PyPI version Total alerts Language grade: Python

korr

collection of utility functions for correlation analysis

Usage

Check the examples folder for notebooks.

Compute correlation matrix and its p-values

  • pearson -- Pearson/Sample correlation (interval- and ratio-scale data)
  • kendall -- Kendall's tau rank correlation (ordinal data)
  • spearman -- Spearman rho rank correlation (ordinal data)
  • mcc -- Matthews correlation coefficient between binary variables

EDA, Dig deeper into results

  • flatten -- A table (pandas) with one row for each correlation pairs with the variable indicies, corr., p-value.
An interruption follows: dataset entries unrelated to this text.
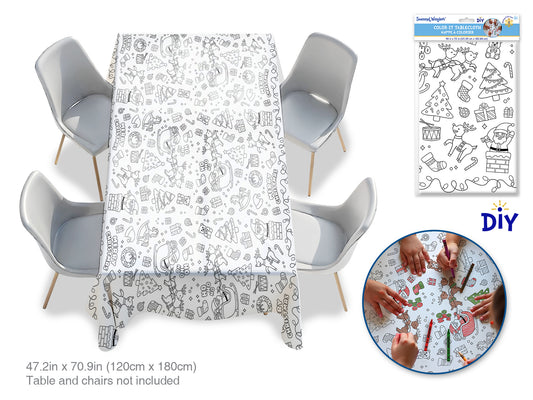 Holiday Trendz: 47.2"x70.9" (4'x6') DIY Color-It Tablecloth 50gsm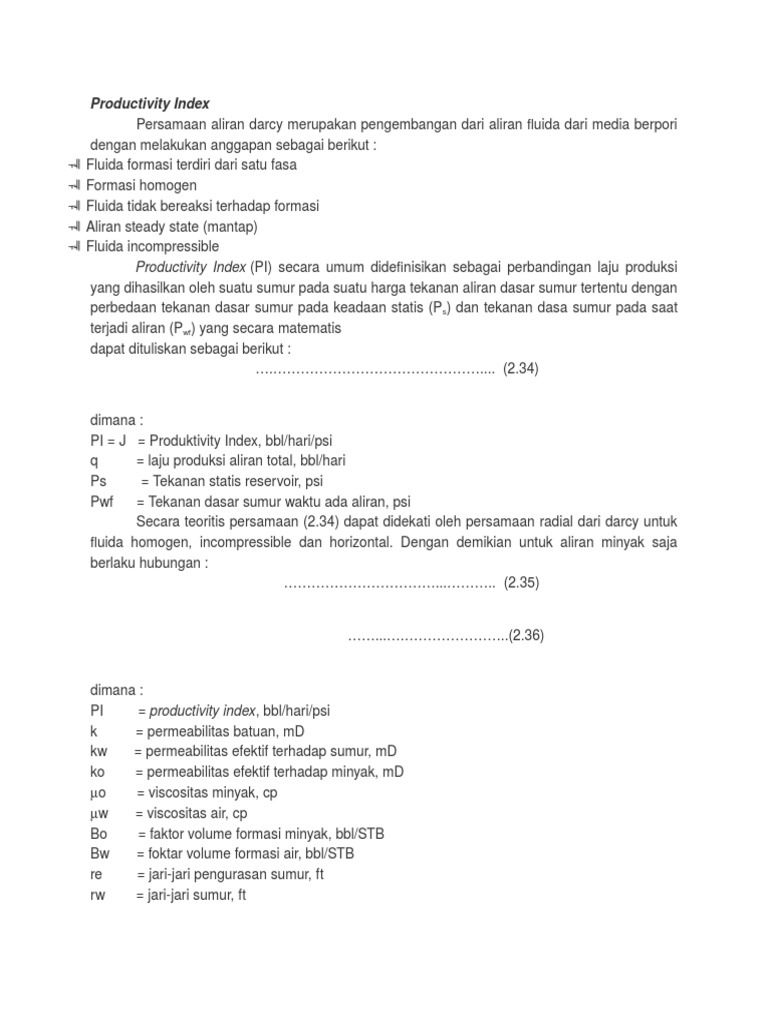 Rumus dan Analisis Productivity Index | PDF
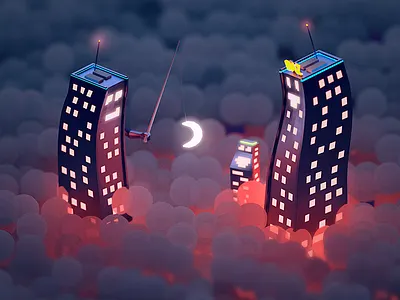 Night Friends 3d blender clouds fishing isometric low poly moon night playing skyscrapers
For example, try to find "good" cutoffs with corr_vs_pval and then look up the variable indicies with flatten afterwards.
  • slice_yx -- slice a correlation and p-value matrix of a (y,X) dataset into a (y,x_i) vector and (x_j, x_k) matrices
  • corr_vs_pval -- Histogram to find p-value cutoffs (alpha) for a) highly correlated pairs, b) unrelated pairs, c) the mixed results.
  • bracket_pval -- Histogram with more fine-grained p-value brackets.
  • corrgram -- Correlogram, heatmap of correlations with p-values in brackets

Utility functions

  • confusion -- Confusion matrix. Required for Matthews correlation (mcc) and is a bitter faster than sklearn's

Parameter Stability

  • bootcorr -- Estimate multiple correlation matrices based on bootstrapped samples. From there you can assess how stable correlation estimates are (how sensitive against in-sample variation). For example, stable estimates are good candidates for modeling, and unstable correlation pairs are good candidates for P-hacking and non-reproducibility.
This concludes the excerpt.